### EXERCISE
Please output every line of the material as it stands, without the pictures.

### DATASET EXCERPT
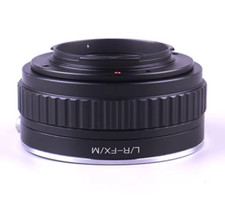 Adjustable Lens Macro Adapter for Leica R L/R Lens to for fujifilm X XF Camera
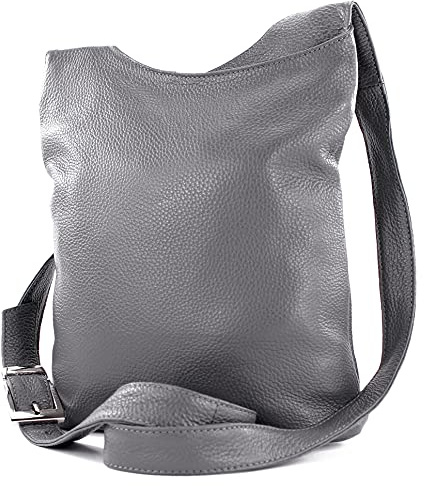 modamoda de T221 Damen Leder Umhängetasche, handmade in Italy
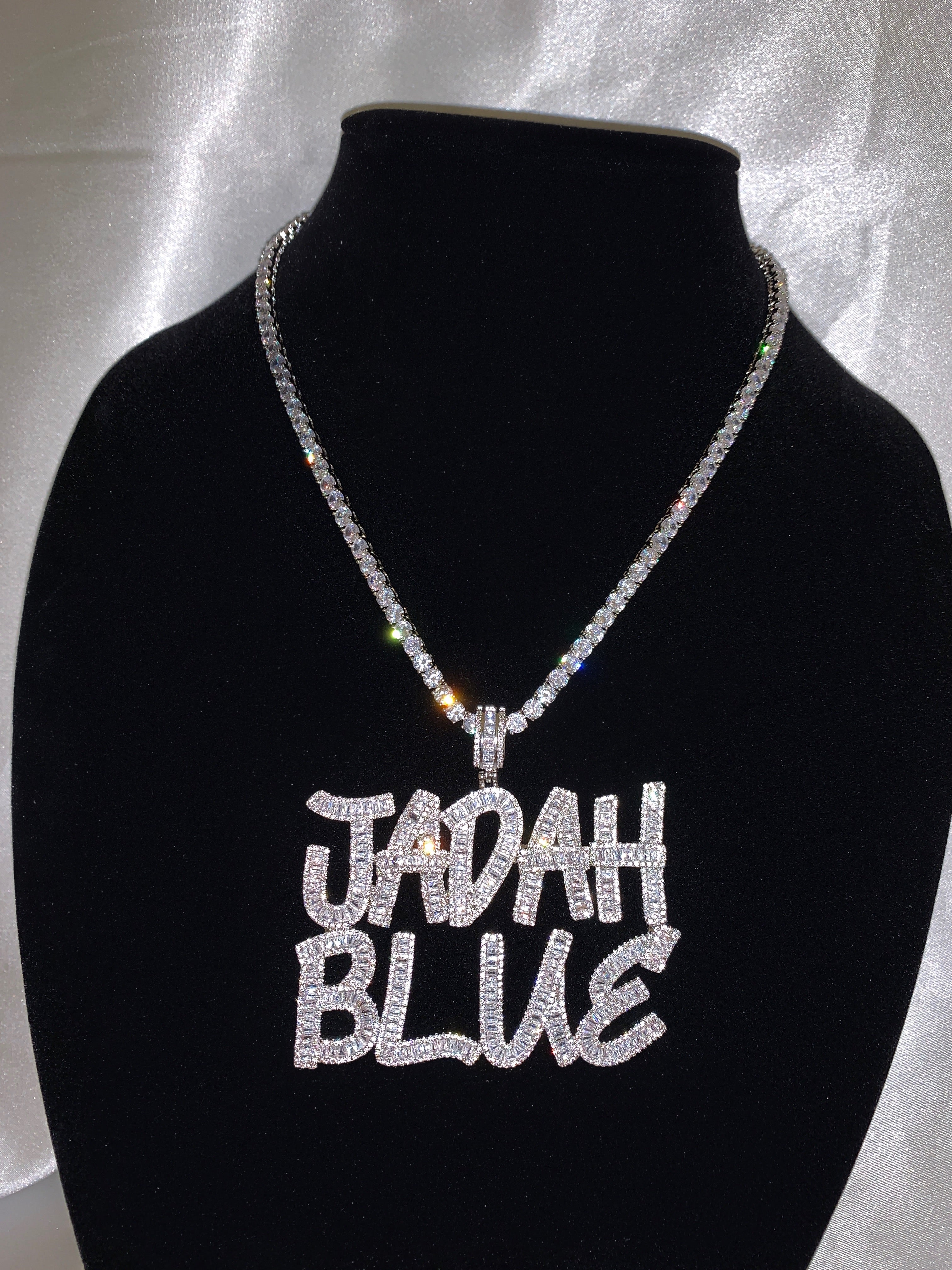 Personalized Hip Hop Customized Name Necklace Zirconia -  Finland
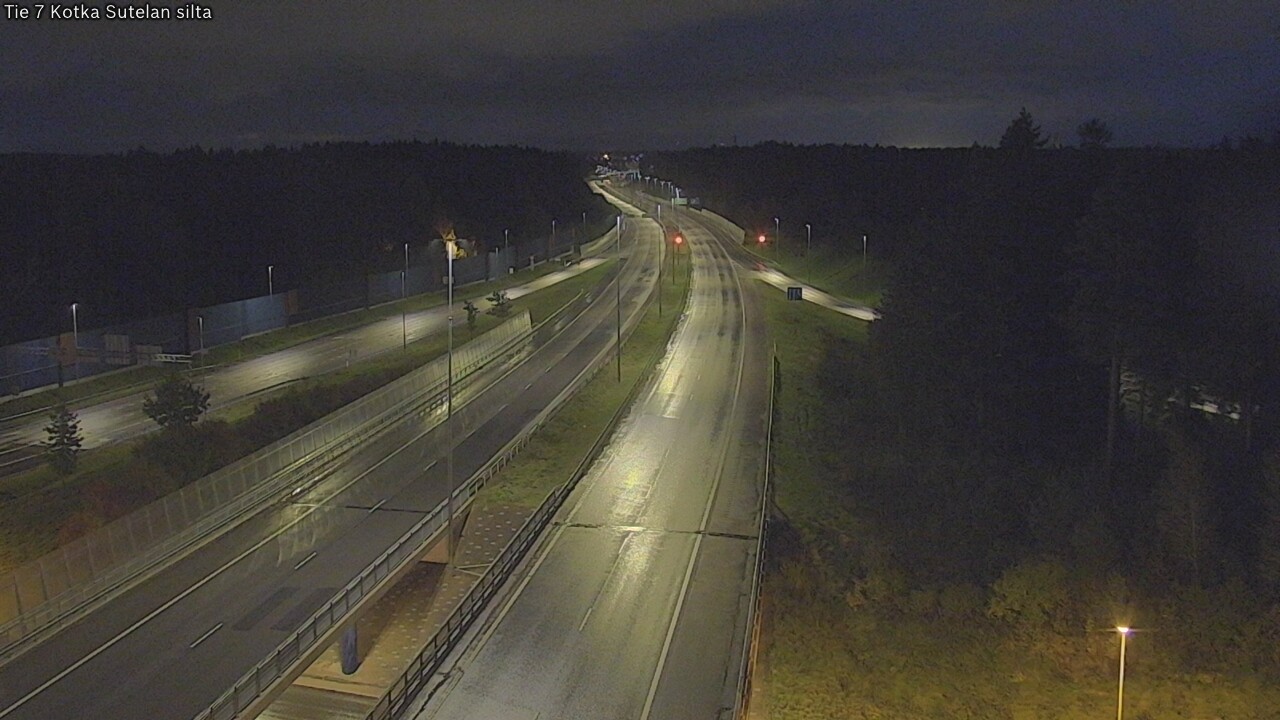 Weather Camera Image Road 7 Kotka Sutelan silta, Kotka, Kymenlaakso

### SOLVED PROBLEM
 Adjustable Lens Macro Adapter for Leica R L/R Lens to for fujifilm X XF Camera
 modamoda de T221 Damen Leder Umhängetasche, handmade in Italy
 Personalized Hip Hop Customized Name Necklace Zirconia -  Finland
 Weather Camera Image Road 7 Kotka Sutelan silta, Kotka, Kymenlaakso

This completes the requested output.